Hakim Gaouaoui possède huit restaurants dans les Hauts-de-Seine (bientôt dix). Pour ce self made man, patron des Bistrots Pas-Parisiens - 30 millions de chiffre d’affaire prévisionnel pour 2020 -, hors de question de développer ses affaires à Paris. La banlieue, c’est son terrain de jeux. Et il gagne à chaque fois.
Pas Parisiens
« On a sorti les Hauts-de-Seine du no man’s land », analyse fièrement Hakim Gaouaoui, propriétaire de huit bistrots situés dans le riche département de l’ouest parisien. Assis devant la baie vitrée de la grande salle du Là-haut (à Suresnes), face à la Défense, l’homme, aussi élégant et chaleureux que ses restaurants, rejoue avec plaisir le film de sa vie professionnelle. Suresnois de naissance, il a franchi toutes les étapes de la restauration avant de devenir l’un des acteurs principaux du dynamisme de la région avec les établissements Macaille et Là-haut (Suresnes), Sapristi (Rueil-Malmaison), Saperlipopette (Puteaux), Splash (Asnières-sur-Seine), et quatre autres enseignes du groupe Bistrots Pas Parisiens. Pourtant, rien ne prédestinait ce fils de serrurier et d’assistante maternelle à être désigné chef d'entreprise de l'année 2019 par le prestigieux guide gastronomique Gault et Millau.
Avec quelques notions de comptabilité en poche, acquises tant bien que mal, le cadet d’une fratrie de quatre gagne ses premiers euros en livrant des pizzas à Paris au début des années 1990. En l’espace de quelques mois, le jeune homme devient serveur, barman, manager, puis file en Grande-Bretagne où l’attend un poste de directeur de restaurant avant de revenir en France pour diriger des établissements sous la houlette du groupe Bertrand et de Philippe Fatien, patron du Queen. Jusqu’en 2010, où il décide d’acheter l’Escargot, à Puteaux. Cette fois-ci, le seul patron, c’est lui. Surnommé le « Dragon » par ses équipes, l’homme est grand travailleur et reconnaît n’avoir aucune autre passion : « Vers quarante ans lorsque je me suis arrêté de travailler, avant de reprendre l’Escargot, je pensais pouvoir vivre de mes rentes en étant heureux. Erreur ! J’étais riche mais déprimé. J’aime travailler et j’aime mon travail. Je ne conçois pas la vie autrement », déclare ce petit dormeur dont il faut devancer les ordres : « Avec lui, il faut être rapide parce qu’il peut être très vite agacé », confirme un fidèle compagnon de route. « Il a beaucoup d’idées et il est capable de les concrétiser. C’est une vraie force », confirme Manuel Aeschlimann, maire d’Asnières-sur-Seine.
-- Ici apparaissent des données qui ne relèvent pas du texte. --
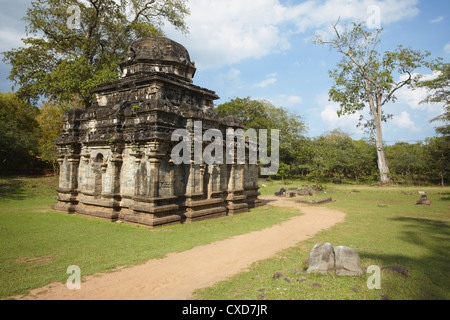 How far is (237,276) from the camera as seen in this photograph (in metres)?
5.33

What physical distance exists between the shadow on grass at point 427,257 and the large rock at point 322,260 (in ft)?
4.34

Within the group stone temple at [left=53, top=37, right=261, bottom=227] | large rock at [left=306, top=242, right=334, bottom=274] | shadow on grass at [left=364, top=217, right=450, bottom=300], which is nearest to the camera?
shadow on grass at [left=364, top=217, right=450, bottom=300]

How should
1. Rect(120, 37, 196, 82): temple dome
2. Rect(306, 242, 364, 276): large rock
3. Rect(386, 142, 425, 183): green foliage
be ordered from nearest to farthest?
Rect(306, 242, 364, 276): large rock < Rect(120, 37, 196, 82): temple dome < Rect(386, 142, 425, 183): green foliage

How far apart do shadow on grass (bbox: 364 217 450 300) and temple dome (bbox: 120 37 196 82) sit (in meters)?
11.9

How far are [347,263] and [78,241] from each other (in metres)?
7.00

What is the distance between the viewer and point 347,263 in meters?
4.78

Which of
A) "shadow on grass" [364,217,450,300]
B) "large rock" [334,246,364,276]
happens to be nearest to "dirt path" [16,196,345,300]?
"large rock" [334,246,364,276]

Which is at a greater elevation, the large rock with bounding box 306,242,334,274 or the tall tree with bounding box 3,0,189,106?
the tall tree with bounding box 3,0,189,106

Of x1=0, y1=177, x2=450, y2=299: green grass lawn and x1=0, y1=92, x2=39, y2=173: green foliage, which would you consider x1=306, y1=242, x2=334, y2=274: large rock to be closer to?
x1=0, y1=177, x2=450, y2=299: green grass lawn

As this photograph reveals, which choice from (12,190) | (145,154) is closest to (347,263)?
(145,154)

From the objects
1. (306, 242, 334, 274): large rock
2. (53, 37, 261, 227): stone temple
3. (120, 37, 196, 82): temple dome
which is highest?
(120, 37, 196, 82): temple dome

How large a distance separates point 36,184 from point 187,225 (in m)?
15.8

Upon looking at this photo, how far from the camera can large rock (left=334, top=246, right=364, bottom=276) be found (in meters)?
4.69

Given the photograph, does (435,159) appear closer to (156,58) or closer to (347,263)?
(156,58)
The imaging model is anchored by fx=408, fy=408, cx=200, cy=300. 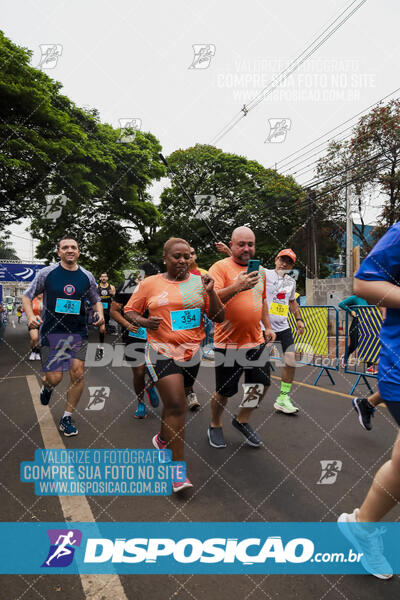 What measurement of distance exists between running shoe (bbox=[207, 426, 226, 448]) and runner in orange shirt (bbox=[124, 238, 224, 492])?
856 millimetres

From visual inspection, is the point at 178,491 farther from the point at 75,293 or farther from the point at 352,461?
the point at 75,293

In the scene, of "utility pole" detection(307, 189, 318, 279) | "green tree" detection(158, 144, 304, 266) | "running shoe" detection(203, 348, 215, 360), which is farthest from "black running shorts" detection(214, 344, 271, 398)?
"green tree" detection(158, 144, 304, 266)

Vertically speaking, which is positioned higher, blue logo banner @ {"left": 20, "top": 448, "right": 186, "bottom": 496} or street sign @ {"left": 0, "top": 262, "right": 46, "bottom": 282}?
street sign @ {"left": 0, "top": 262, "right": 46, "bottom": 282}

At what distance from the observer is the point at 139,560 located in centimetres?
216

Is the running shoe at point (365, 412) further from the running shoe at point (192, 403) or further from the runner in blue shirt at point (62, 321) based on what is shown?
the runner in blue shirt at point (62, 321)

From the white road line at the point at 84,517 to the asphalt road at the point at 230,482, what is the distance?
0.4 inches

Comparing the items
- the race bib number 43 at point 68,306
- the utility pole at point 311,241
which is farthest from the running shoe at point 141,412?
the utility pole at point 311,241

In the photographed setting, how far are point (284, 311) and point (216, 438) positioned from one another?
6.79 ft

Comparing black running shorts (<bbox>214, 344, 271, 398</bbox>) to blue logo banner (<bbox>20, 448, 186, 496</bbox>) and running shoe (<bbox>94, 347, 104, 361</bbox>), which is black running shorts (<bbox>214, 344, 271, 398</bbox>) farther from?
running shoe (<bbox>94, 347, 104, 361</bbox>)

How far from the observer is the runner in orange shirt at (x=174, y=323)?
9.80ft

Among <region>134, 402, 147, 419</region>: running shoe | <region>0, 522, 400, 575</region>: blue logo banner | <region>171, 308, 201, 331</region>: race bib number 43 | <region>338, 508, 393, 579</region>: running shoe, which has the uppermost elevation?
<region>171, 308, 201, 331</region>: race bib number 43

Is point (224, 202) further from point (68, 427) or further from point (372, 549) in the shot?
point (372, 549)

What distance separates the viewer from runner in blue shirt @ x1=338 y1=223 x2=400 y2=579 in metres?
1.83

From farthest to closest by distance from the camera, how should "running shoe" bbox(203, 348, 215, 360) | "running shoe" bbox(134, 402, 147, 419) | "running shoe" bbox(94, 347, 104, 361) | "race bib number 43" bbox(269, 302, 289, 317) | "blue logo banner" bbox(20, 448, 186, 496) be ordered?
"running shoe" bbox(94, 347, 104, 361)
"running shoe" bbox(203, 348, 215, 360)
"race bib number 43" bbox(269, 302, 289, 317)
"running shoe" bbox(134, 402, 147, 419)
"blue logo banner" bbox(20, 448, 186, 496) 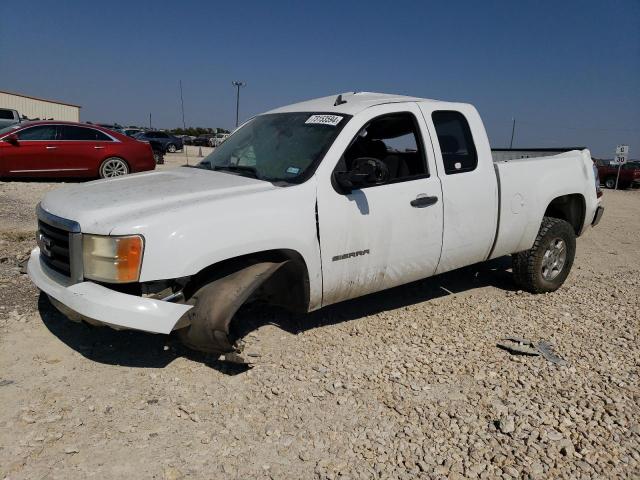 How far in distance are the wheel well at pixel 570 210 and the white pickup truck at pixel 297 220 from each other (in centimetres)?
41

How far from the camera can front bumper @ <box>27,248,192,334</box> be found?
9.41 feet

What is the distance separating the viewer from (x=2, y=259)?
18.0ft

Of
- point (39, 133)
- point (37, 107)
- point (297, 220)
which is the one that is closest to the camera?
point (297, 220)

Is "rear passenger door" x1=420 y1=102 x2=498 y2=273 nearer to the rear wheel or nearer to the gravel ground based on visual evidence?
the gravel ground

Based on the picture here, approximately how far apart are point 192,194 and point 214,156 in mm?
1209

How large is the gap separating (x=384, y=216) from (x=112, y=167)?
10.2 metres

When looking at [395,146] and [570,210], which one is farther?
[570,210]

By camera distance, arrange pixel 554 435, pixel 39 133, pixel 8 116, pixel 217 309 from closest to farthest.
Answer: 1. pixel 554 435
2. pixel 217 309
3. pixel 39 133
4. pixel 8 116

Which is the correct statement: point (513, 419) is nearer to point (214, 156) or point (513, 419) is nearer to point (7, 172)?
point (214, 156)

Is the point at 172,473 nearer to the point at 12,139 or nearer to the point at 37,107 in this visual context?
the point at 12,139

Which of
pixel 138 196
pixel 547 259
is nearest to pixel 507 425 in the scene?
pixel 138 196

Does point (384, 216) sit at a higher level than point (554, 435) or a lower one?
higher

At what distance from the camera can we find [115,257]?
2.90m

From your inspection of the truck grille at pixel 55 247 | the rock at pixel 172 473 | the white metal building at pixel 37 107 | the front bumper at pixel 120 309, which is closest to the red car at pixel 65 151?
the truck grille at pixel 55 247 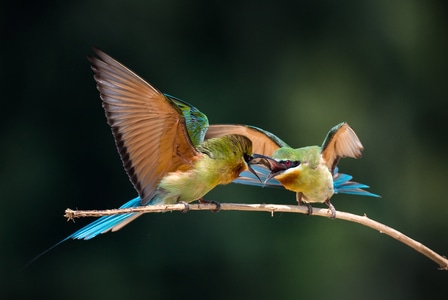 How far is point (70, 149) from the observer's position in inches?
180

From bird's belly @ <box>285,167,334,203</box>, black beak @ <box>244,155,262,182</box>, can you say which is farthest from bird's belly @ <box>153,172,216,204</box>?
bird's belly @ <box>285,167,334,203</box>

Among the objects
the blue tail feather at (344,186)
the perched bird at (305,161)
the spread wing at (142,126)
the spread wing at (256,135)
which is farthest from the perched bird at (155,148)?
the blue tail feather at (344,186)

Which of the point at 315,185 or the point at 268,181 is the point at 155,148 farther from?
the point at 315,185

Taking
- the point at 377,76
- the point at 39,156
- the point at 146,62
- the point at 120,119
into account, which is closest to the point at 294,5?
the point at 377,76

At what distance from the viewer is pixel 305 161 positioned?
2.52 metres

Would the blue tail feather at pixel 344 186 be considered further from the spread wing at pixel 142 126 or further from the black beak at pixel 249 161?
the spread wing at pixel 142 126

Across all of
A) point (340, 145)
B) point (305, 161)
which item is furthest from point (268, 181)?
point (340, 145)

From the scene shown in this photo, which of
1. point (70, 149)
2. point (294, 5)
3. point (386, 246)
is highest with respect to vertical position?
point (294, 5)

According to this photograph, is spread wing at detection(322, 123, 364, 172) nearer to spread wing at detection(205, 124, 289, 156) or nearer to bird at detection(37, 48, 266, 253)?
spread wing at detection(205, 124, 289, 156)

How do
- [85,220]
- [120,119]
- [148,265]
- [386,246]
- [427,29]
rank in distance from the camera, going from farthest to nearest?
[427,29] < [386,246] < [148,265] < [85,220] < [120,119]

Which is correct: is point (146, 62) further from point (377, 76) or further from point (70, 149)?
point (377, 76)

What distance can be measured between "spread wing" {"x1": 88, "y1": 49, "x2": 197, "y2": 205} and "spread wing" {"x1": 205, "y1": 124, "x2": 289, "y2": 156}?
1.26 ft

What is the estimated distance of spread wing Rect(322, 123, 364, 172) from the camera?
258 cm

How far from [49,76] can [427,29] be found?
7.74 ft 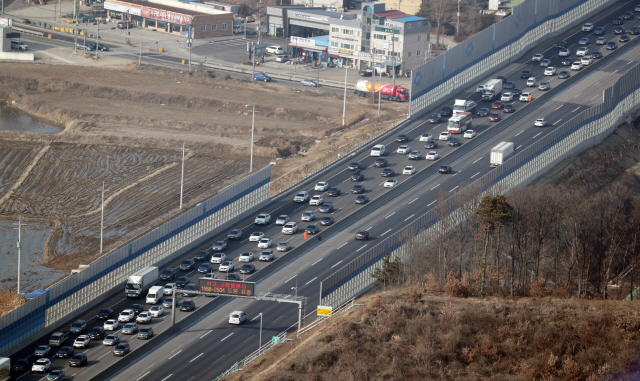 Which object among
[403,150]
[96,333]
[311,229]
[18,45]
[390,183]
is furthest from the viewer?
[18,45]

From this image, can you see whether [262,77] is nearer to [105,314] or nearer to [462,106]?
[462,106]

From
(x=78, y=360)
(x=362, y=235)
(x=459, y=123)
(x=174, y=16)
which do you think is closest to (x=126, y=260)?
(x=78, y=360)

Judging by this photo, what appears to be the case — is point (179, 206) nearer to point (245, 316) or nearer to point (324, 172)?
point (324, 172)

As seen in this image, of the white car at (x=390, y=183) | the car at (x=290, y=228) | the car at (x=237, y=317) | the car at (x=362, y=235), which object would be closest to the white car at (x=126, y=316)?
the car at (x=237, y=317)

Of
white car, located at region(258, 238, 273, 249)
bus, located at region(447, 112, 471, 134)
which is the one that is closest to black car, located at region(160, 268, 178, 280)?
white car, located at region(258, 238, 273, 249)

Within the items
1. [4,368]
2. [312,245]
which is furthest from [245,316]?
[4,368] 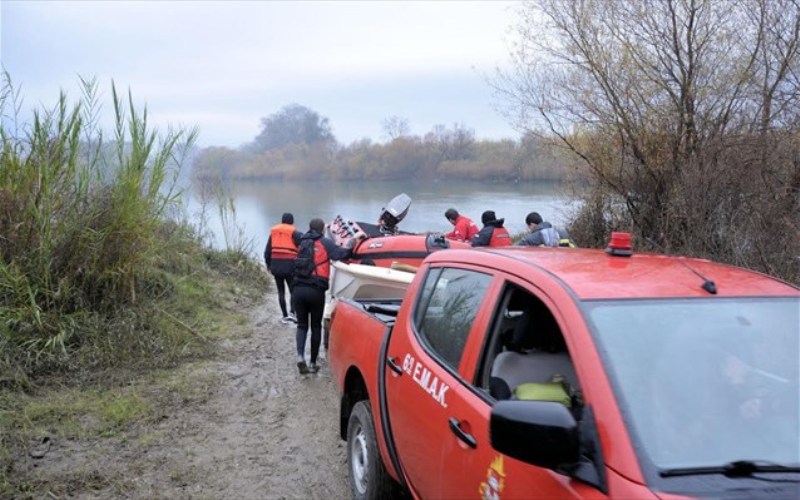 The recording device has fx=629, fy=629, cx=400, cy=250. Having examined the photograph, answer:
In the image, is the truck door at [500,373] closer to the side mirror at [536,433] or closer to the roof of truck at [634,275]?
the roof of truck at [634,275]

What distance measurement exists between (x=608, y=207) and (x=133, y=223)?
28.7 feet

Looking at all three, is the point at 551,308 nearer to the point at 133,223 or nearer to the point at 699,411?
the point at 699,411

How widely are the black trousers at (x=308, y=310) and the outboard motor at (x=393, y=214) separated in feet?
10.2

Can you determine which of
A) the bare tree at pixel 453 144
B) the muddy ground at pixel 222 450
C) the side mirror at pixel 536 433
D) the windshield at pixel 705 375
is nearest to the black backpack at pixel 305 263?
the muddy ground at pixel 222 450

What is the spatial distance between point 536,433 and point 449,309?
50.4 inches

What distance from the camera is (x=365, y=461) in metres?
3.71

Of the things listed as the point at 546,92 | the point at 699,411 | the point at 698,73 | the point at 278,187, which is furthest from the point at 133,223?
the point at 278,187

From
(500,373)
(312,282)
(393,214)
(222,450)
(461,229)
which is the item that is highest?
(393,214)

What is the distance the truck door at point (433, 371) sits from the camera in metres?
2.67

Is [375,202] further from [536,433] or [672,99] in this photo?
[536,433]

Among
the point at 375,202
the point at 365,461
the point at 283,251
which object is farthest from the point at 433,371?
the point at 375,202

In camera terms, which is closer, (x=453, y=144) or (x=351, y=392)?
(x=351, y=392)

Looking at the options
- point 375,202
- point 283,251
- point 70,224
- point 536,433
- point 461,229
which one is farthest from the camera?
point 375,202

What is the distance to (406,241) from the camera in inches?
325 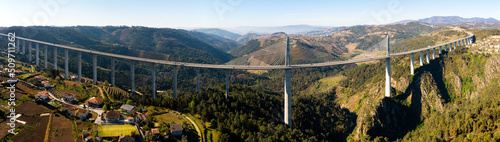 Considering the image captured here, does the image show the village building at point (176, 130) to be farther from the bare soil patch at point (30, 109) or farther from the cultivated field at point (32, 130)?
the bare soil patch at point (30, 109)

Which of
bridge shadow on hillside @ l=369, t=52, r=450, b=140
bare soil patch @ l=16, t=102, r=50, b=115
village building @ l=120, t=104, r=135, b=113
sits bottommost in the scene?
bridge shadow on hillside @ l=369, t=52, r=450, b=140

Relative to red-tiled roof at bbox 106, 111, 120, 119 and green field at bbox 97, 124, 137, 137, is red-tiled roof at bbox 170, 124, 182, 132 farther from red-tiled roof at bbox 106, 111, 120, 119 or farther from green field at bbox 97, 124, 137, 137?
red-tiled roof at bbox 106, 111, 120, 119

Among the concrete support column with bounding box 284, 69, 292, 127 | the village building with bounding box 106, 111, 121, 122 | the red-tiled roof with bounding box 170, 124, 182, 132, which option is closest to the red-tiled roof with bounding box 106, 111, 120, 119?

Restauration de qualité en banlieue
Des idées a priori toutes simples mais diablement efficaces : une cuisine de chef, de bon rapport qualité-prix, dans une décoration soignée, à quelques minutes de la Défense et de ses grandes entreprises. Pour les cadres sup, c’est une véritable aubaine : finis, les déjeuners à Paris et son lot d’embouteillages pour y parvenir. Et pour les communes de banlieue, la vie peut commencer : « Le lancement très people du restaurant a été un moment fort pour Asnières, cela participe à l’image dynamique et attractive de la ville », souligne M. Aeschlimann. Même le médiatique chef Norbert Tarayre, partenaire de M. Gaouaoui, était de la partie.
Hakim Gaouaoui fait ainsi la joie des maires, intarissables à son sujet. Patrick Ollier, maire de Rueil-Malmaison, se souvient de leur rencontre il y a deux ans, lors d’un déjeuner au restaurant Saperlipopette de Puteaux dont l’ancien président de la république, Nicolas Sarkozy, est un client. Depuis, M. Ollier et se réjouit chaque jour de l’ouverture du Sapristi dans sa commune. Christian Dupuy, maire de Suresnes, en parle comme d’un magicien : « C’est un garçon débordant d’imagination, doué pour transformer des lieux et les rendre attractifs ». Il n’a pas tort. Les restaurants sont pleins.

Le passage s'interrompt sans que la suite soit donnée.